Tale Matteo Antonio Rubino, autonominatosi scrittore e noto a se stesso, al proprio cane ed al portinaio del suo condominio, ha tentato, per acquisire un minimo di notorietà, di cavalcare la passione per i lupi che caratterizza gli animalisti urbani scrivendo quello che definisce romanzo, ma che altro non è che la trasposizione di materiale di WolfAlps, l’organizzazione miliardaria che vorrebbe rinchiudere greggi, mandrie e pastori in recinti – anzi farli scomparire in nome di un malinteso senso della wilderness – per lasciare i poveri lupi liberi di scorazzare in lungo e in largo per forre, valloni, pascoli e crinali.
Naturalmente in questo ambito si situa l’intoccabilità di alpeggi e boschi, così gli incendi potranno svilupparsi alla grande.
In sintesi: il libello di sfacciata propaganda con il quale il nostro avrebbe voluto contribuire al lavaggio del cervello dei ragazzi in età scolare, era pronto per la presentazione all’Alpe Devero, con tanto di promozione del WWF e da Io non ho paura del lupo, emanazione di WolfAlps che, con i milioni che muove, sostiene direttamente e indirettamente l’attivismo lupista, presentando il grande predatore in forme antropomorfe alla Disney e portando avanti una campagna denigratoria nei confronti degli allevatori che vivono la montagna con tutti i disagi ed i rischi che ciò comporta.
Mancava il FAI, notoriamente ovunque come la maf … ops, il prezzemolo, ma forse non erano stati avvertiti.

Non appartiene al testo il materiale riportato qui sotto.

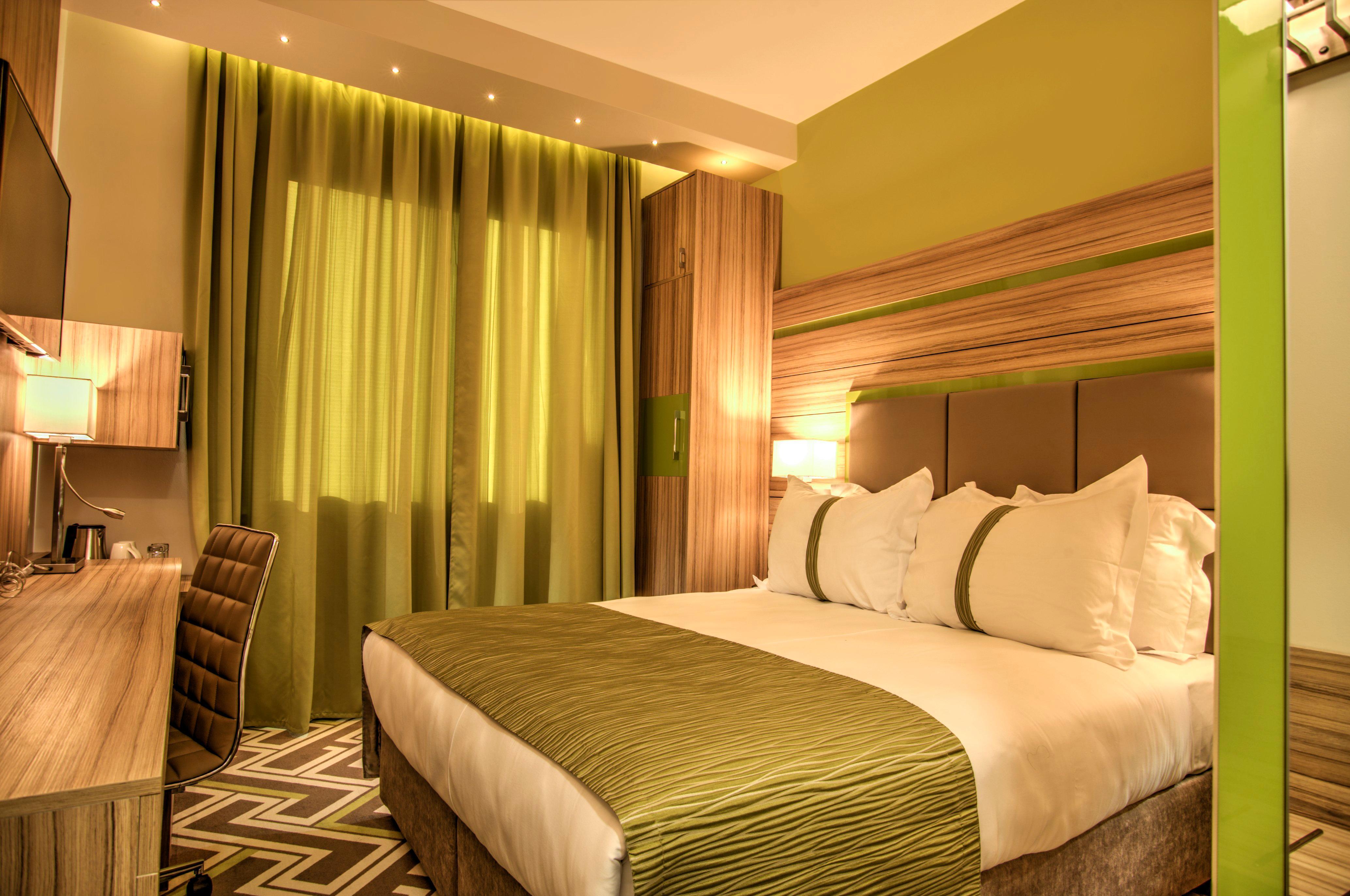 Holiday Inn Plovdiv By Ihg Exterior photo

Inevitabilmente, a partire dal titolo imbecille: Osso la Lupa, il libercolo ha suscitato l’indignazione del Comitato allevatori, ed il parco del Museo dell’Alpeggio all’Alpe Devero, dove era prevista la presentazione, ha negato l’uso della propria struttura in quanto ha ravvisato l’intento provocatorio ed ingiurioso nei riguardi di allevatori e alpigiani.
Rubino ha quindi tentato di ripiegare su un albergo locale, dove è stato però accolto dal presidio informativo del Comitato allevatori che, tanto civilmente quanto fermamente, gliele ha cantate costringendolo a ridursi ad una conversazione al tavolo di un bar attorniato da quattro gatti.
Un plauso agli allevatori ossolani, che hanno dimostrato che ci si può far rispettare e che il lupismo è spesso una tigre di carta, pur se miliardaria, ed un esempio per gli allevatori delle altre aree alpine, che dovrebbero agire come gli ossolani, con fermezza e senza cedere alle provocazioni.